В этих словах определенно был какой-то смысл. Но готова ли я была его принять?
— Со своей стороны могу сказать тебе лишь одно, — продолжил Ал, когда я от него уже ничего не ждала, — как бы дальше не повернулась твоя жизнь, я готов тебе помочь. На меня ты можешь рассчитывать даже если… даже
— Но почему? — нахмурилась я. — Чем я заслужила твою дружбу?
Ал неопределенно пожал плечами. Он снова не смотрел на меня, и теперь это напрягало, потому что я хотела увидеть ответ в его глазах. Но не видела.
Ал ничем мне не обязан. Мы не были с ним хорошо знакомы, и ничего хорошего я не могла от него ждать. И все же он обещал мне помощь.
Просто ли так? Или был в этом какой-то скрытый смысл?
Но Ал явно не собирался развеивать мои сомнения на свой счет.
— Ты забавная, — ответил он вдруг, и в уголках его губ снова мелькнула редкая улыбка.
После этого он развернулся и вышел из комнаты, не дав мне больше себя остановить. На его место из-за двери в покои проскользнула какая-то незнакомая мне рия, низко поклонилась и предложила помощь.

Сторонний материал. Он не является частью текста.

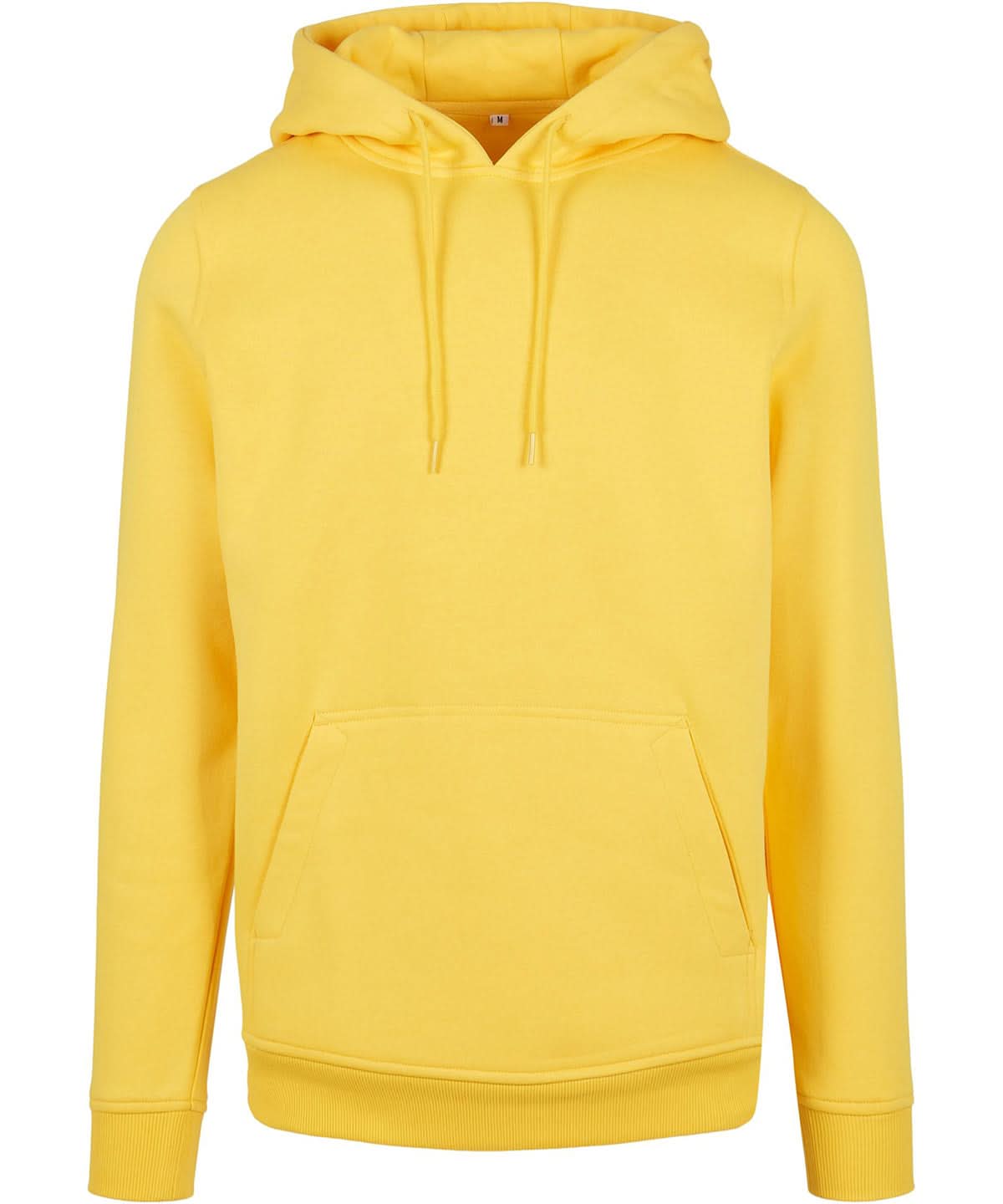Build Your Brand BYB Heavy hoodie Taxi Yellow BY011 - Taxi Yellow - Customisable Hoodies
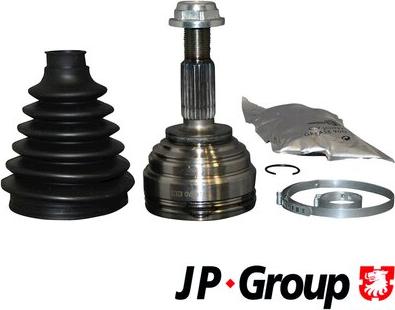 JP Group 4343300810 - Kit giunti, Semiasse autozon.pro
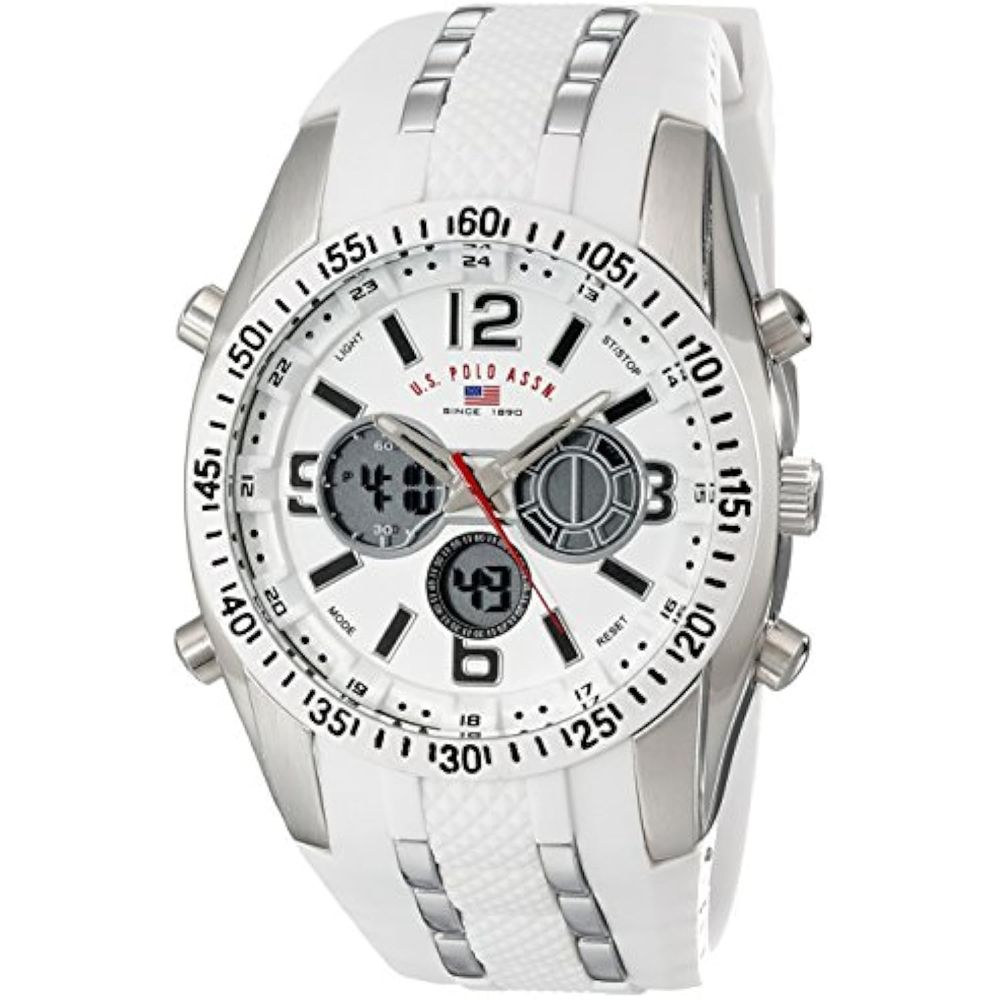 Reloj Casual Accutime Us9282 para Hombre en Blanco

Тут-то я и осознала, что на мне только один халат, а уже пора выходить. Кажется, солнце за окном клонилось к вечеру. Мы собирались весь день. Я ужасно хотела есть и надеялась, что на этом таинственном празднике Каления меня хотя бы покормят.
Рия помогла мне найти красивое платье в сундуке, подобрала туфельки и какие-то украшения. Но от последних я отказалась, решив надеть только свои колдовские серьги, доставшиеся мне от гаруспика Рыжей Синицы.
Наряд получился великолепный, ярко-красный с золотым блеском на ткани. А черные камни в ушах прекрасно сочетались с броскостью остального убранства.
Мне, конечно, хотелось чего-то менее привлекающего внимание, но, если учесть, что сегодня на меня, как на новую лаурию Красного дожа, будет смотреть весь город, то терять уже все равно нечего. Хуже будет, если я опозорю повелителя скромным и непривлекательным видом, и мне же потом влетит. Нет уж, пусть смотрят на огненно-красное платье и слепнут от рези в глазах. Все — вместе с дожем.
К платью прилагалась маленькая симпатичная сумочка, которую я прицепила к поясу, положив в нее игрушку для принцессы.